(How to complete this task) Would you find each line in the entries below with the string "Your" and copy it?

(Given records)
++++++++
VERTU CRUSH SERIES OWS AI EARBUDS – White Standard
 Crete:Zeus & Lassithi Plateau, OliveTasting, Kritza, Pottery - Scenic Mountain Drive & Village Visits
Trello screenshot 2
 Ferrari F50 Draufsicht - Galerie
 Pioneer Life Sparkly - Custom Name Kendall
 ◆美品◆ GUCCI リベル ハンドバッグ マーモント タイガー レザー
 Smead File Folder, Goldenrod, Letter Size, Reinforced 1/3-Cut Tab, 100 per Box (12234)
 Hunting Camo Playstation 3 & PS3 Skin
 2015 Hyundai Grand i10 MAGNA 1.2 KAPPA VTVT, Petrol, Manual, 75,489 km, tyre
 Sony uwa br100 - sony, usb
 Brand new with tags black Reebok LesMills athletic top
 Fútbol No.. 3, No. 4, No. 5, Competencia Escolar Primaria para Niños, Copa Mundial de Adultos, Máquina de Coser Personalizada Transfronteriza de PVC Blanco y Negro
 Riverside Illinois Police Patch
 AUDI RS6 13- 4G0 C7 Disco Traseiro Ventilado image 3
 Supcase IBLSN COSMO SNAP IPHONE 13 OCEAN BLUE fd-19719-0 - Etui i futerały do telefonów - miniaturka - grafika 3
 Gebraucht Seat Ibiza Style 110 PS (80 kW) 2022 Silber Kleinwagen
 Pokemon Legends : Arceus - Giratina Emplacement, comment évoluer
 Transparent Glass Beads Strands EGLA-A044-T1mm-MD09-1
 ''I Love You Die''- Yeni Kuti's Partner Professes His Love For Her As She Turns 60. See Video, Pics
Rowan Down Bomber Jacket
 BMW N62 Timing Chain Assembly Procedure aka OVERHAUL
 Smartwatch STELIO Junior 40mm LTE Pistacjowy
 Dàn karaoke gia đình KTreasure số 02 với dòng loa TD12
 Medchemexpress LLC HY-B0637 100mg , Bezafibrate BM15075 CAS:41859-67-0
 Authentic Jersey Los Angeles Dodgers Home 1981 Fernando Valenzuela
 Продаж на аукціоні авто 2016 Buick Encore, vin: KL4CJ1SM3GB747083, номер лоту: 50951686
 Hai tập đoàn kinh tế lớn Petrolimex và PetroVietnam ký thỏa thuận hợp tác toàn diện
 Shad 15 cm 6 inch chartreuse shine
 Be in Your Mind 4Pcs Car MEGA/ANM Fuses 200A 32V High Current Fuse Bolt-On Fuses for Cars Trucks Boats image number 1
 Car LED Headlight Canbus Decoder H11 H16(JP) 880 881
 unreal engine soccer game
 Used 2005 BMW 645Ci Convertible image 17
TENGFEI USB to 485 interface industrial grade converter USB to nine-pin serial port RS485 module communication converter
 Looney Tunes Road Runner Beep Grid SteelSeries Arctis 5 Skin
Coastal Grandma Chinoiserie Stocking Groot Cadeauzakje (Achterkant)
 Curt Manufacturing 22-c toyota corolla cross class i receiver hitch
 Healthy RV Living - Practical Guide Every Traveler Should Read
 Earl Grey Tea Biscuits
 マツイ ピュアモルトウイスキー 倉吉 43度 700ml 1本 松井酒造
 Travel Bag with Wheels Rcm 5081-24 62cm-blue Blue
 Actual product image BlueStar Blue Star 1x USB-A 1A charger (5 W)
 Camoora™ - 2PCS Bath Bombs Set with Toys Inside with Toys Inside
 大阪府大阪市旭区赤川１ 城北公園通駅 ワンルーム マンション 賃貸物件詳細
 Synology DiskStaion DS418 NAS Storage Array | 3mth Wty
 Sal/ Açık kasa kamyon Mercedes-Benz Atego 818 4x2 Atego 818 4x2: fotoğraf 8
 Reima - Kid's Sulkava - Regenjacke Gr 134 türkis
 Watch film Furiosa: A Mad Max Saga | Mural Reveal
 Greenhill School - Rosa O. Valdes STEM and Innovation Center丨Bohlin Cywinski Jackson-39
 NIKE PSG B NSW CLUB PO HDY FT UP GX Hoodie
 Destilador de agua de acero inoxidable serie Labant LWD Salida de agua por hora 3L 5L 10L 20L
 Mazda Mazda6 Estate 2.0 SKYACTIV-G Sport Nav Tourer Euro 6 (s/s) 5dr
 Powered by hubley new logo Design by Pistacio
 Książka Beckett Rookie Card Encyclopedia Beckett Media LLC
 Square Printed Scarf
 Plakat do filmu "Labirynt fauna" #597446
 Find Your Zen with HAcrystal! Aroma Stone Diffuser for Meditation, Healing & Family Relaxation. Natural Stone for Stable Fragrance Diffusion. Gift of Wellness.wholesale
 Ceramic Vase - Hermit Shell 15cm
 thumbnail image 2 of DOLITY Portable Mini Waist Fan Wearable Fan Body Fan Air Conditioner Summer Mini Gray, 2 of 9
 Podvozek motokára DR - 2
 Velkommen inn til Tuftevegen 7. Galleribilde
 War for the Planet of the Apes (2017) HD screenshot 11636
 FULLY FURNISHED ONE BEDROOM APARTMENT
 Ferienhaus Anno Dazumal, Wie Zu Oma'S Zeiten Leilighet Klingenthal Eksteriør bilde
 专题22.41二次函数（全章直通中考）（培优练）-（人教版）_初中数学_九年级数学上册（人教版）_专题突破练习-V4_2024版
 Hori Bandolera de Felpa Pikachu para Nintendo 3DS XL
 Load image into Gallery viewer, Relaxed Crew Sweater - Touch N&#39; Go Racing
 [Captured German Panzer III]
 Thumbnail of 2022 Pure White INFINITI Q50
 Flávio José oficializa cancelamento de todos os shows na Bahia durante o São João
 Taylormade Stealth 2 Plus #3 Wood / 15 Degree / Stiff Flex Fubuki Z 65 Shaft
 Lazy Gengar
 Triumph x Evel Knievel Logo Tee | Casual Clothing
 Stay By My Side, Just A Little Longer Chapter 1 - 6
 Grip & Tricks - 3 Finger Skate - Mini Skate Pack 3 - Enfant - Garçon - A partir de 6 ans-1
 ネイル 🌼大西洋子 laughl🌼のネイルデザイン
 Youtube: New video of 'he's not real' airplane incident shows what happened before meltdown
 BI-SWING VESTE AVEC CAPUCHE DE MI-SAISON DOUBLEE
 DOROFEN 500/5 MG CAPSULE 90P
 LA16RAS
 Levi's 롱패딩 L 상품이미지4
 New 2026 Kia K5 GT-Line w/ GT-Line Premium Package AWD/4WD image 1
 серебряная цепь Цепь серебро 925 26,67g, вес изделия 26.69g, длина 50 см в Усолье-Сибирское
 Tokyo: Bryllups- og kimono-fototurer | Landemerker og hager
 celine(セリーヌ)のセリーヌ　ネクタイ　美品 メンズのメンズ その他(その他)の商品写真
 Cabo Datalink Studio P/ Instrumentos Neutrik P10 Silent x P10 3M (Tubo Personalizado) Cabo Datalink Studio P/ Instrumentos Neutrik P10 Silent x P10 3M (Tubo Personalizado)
++++++++
(Response area)
 Be in Your Mind 4Pcs Car MEGA/ANM Fuses 200A 32V High Current Fuse Bolt-On Fuses for Cars Trucks Boats image number 1
 Find Your Zen with HAcrystal! Aroma Stone Diffuser for Meditation, Healing & Family Relaxation. Natural Stone for Stable Fragrance Diffusion. Gift of Wellness.wholesale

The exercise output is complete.